Cédric entame la descente dans un style sobre et fluide, il virevolte à chaque virage, il ne skie pas, il danse, et Sylvie, sa muse, qui aimerait lui faire plaisir, tente de danser avec lui, mais c’est moins bien, ça déçoit, elle aurait sans doute du  le laisser filer seul, le tableau été plus joli, plus gracieux ! (l’occasion pour moi de dédicacer ce court passage à Cédric)

Chacun tente de ne pas tomber dans les passages croutés, mais ce ne sont que des tentatives, on se retrouve toujours par terre (ou plutôt par neige) à un moment donné.

Devant, Philippe Galère, la buée sur les lunettes de soleil, le jour blanc, la neige à l’horizontale. Il fait du Chasse neige !!! Et moi, quand je vois un guide faire du Chasse neige, ça m’éclate !!!

On se retrouve un peu bas. Et le groupe enquille une petite traversée à droite pour rejoindre l’arête. Une jolie Norvégienne est tankée et, je comprends assez vite qu’elle attend sa copine. Que j’ai vu partir au dessus. Dans mon onglet de compet’ je lui lance «  You’re waiting for someone ? » et je comprends qu’elle attend sa copine. Je lui explique qu’elle est au dessus, d’ailleurs je la voie.

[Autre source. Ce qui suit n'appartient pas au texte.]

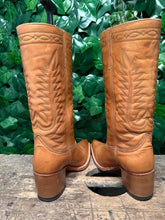 Afbeelding in Gallery-weergave laden, supermooie bijna Nieuwe laarzen van Sendra maat 37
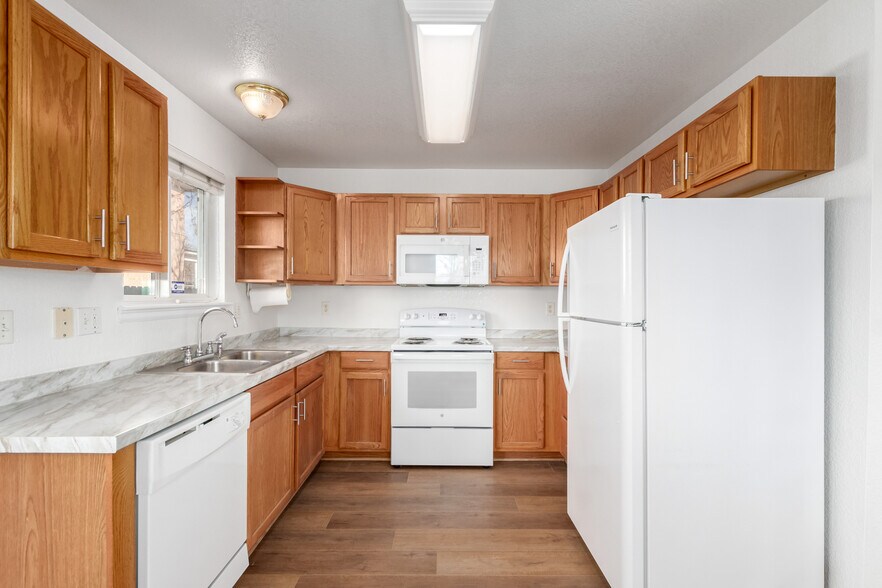 Building Photo - 3249 N Madison St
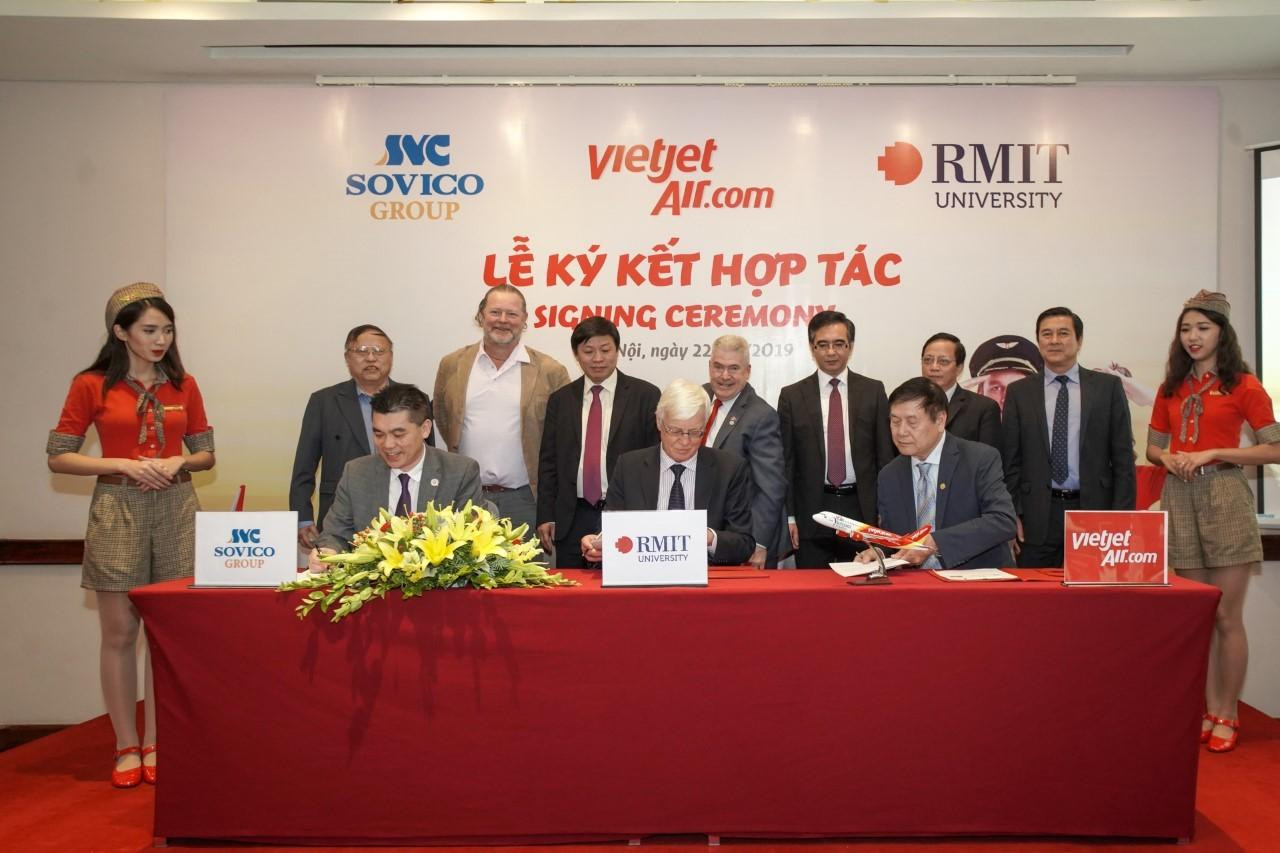 Năm 2019, Đại học RMIT, Tập đoàn Sovico và Hãng hàng không Vietjet đã thiết lập quan hệ hợp tác chiến lược nhằm nâng cao chất lượng nhân lực Việt Nam trong lĩnh vực hàng không, quản trị và kỹ thuật.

J’aurai adoré que la conversation se prolonge, visiblement pas elle, déception de l’idylle débutante avortée dans l’œuf.  On a la loose ou on ne l’a pas. Faudra que je trouve une technique d’approche plus subtile si je ne veux pas rentrer bredouille de Scandinavie.

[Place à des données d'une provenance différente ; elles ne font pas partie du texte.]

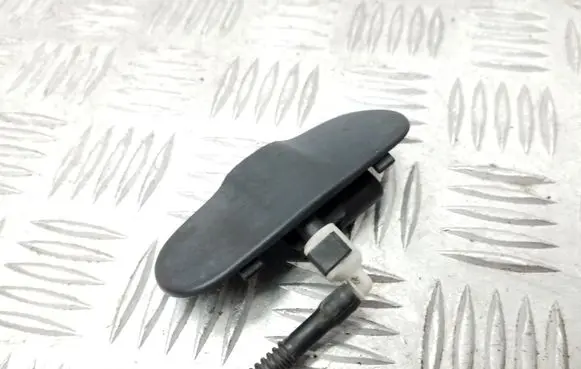 Audi A3 S3 A3 Sportback 8P Windshield washer spray nozzle 8P0955987E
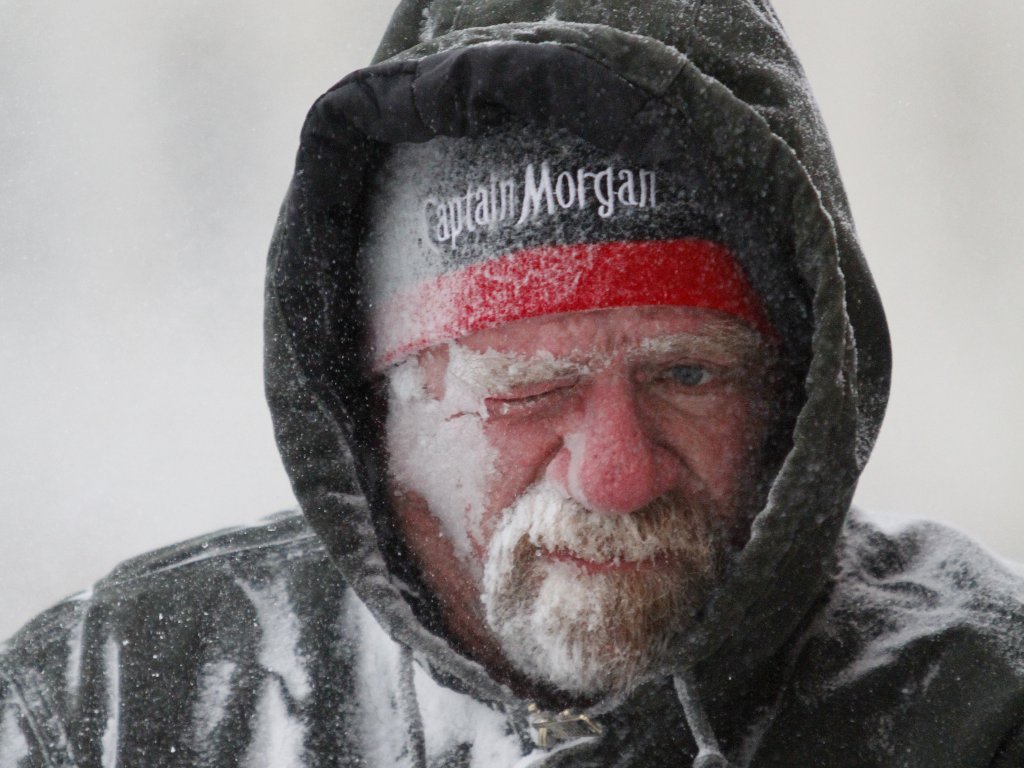 Se le sopla viento con nieve en la cara de Allan Umscheid, dueño de Yards By Al en Kansas 5 d ener. Foto/The Journal-World, Mike Yoder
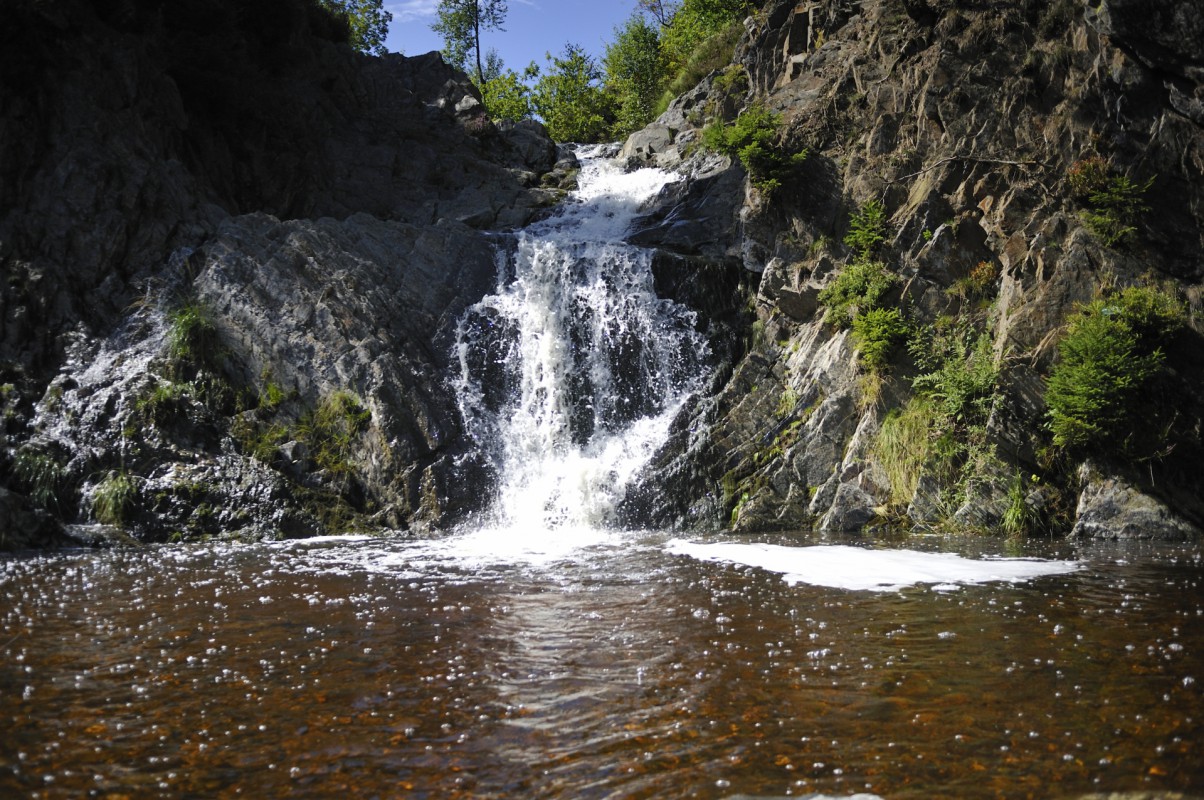 Bayehon Waterfall and Mill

Bon pendant que je papote avec l’autochtone, les autres sont déjà loin. Je file, rejoins le groupe, il faut remettre les peaux et rejoindre l’arête. La voici, battue par les vents, ce matin il y avait une jolie vue. Là on peine à lever la tête dans la tempête.

Bon alors c’est l’occasion pour moi de faire une petite remarque à notre groupe  (je sais qu’ils lisent ces lignes avidement). Il serait pas mal que vous vous améliorerez dans les manœuvres de peautage et dépeautage. Je m’explique, on n’a pas besoin de 20 Minutes pour enlever des peaux, et ceci d’autant plus lorsqu’on est dans la tempête. Donc, plutôt que d’aller pêcher le soir, ou de passer votre vie au Saunât, réviser vos manœuvres dans les chalets pour qu’en situation extrême, ça ne prenne pas des plombes, j’ai froid … Fin du message personnel, à bon entendeur…  Fin du message personnel.

 

Tout  ça pour dire que j’ai froid, et que je suis ravi  quand le groupe repart. Descente dans les bouleaux, slalom sympa avec de la poudreuse par moment. On file, le vent se calme, les virages s’enchaînent. Cédric, ne skie pas, il ne fend pas la neige, c’est la neige qui s’ouvre devant ses skis. Il est, de loin, le meilleur skieur du groupe. Si on peut parler de skieur, les autres skient, lui, c’est le professeur, il apprend à chaque flocon où est sa place sur cette montagne, son nom norvégien Svekmlkist se traduit par : « Grand ordonnateur du Monde »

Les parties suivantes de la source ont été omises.